**What the exercise asks:** Exactly reproduce the lines of the listing below from the one containing "H&M - Printed t-shirt - cream oranges" through the one containing "Hilary Duff White". Skip the images.

**Extracted information:**
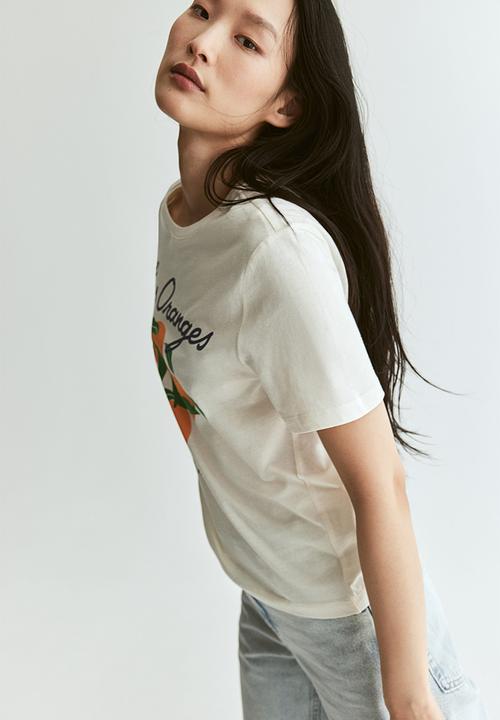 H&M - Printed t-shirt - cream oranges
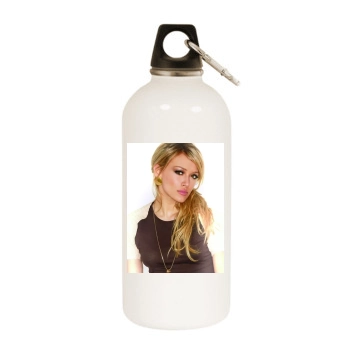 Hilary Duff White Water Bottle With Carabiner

---

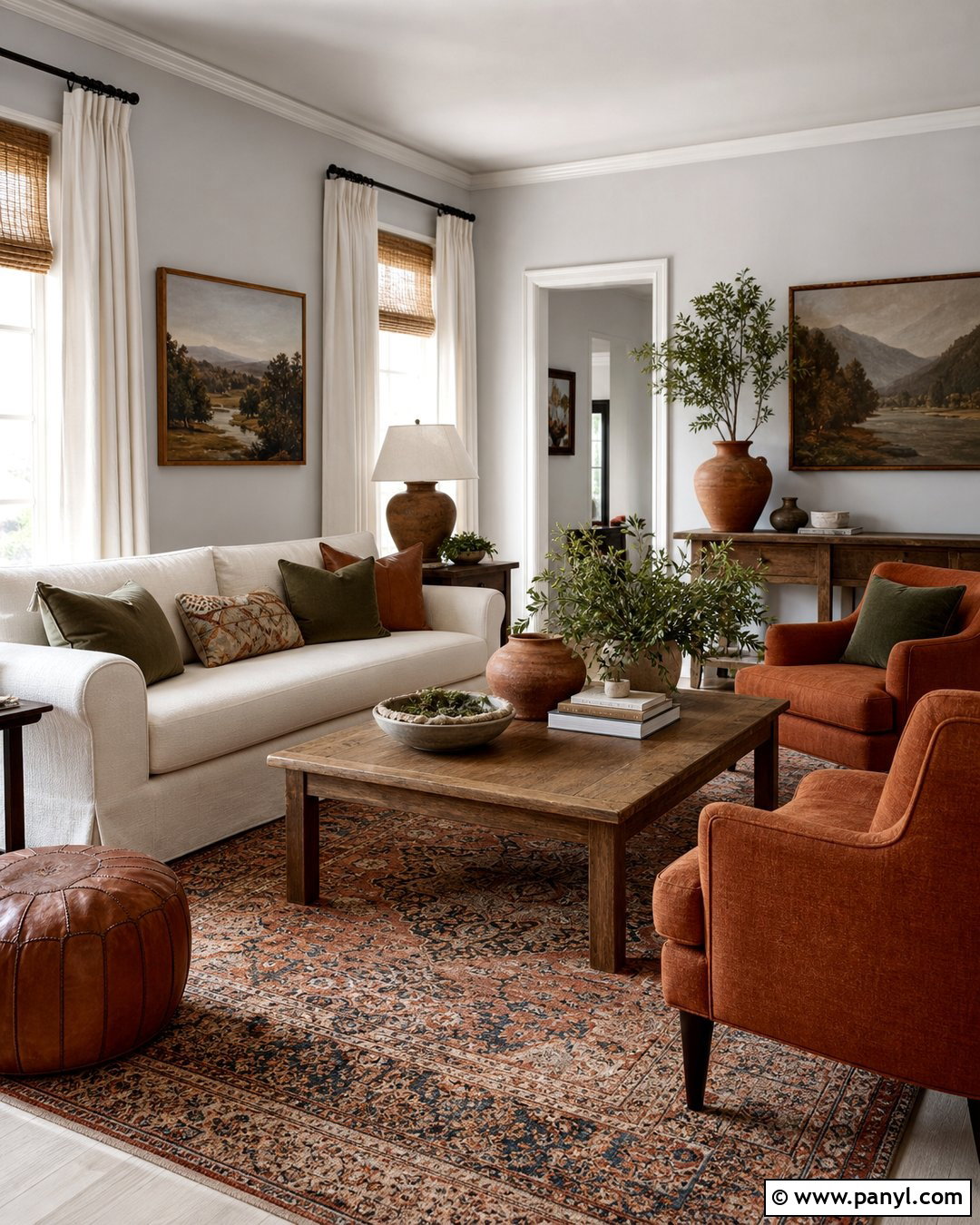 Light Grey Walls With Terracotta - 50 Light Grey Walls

**Exercise output:**
 H&M - Printed t-shirt - cream oranges
 Hilary Duff White Water Bottle With Carabiner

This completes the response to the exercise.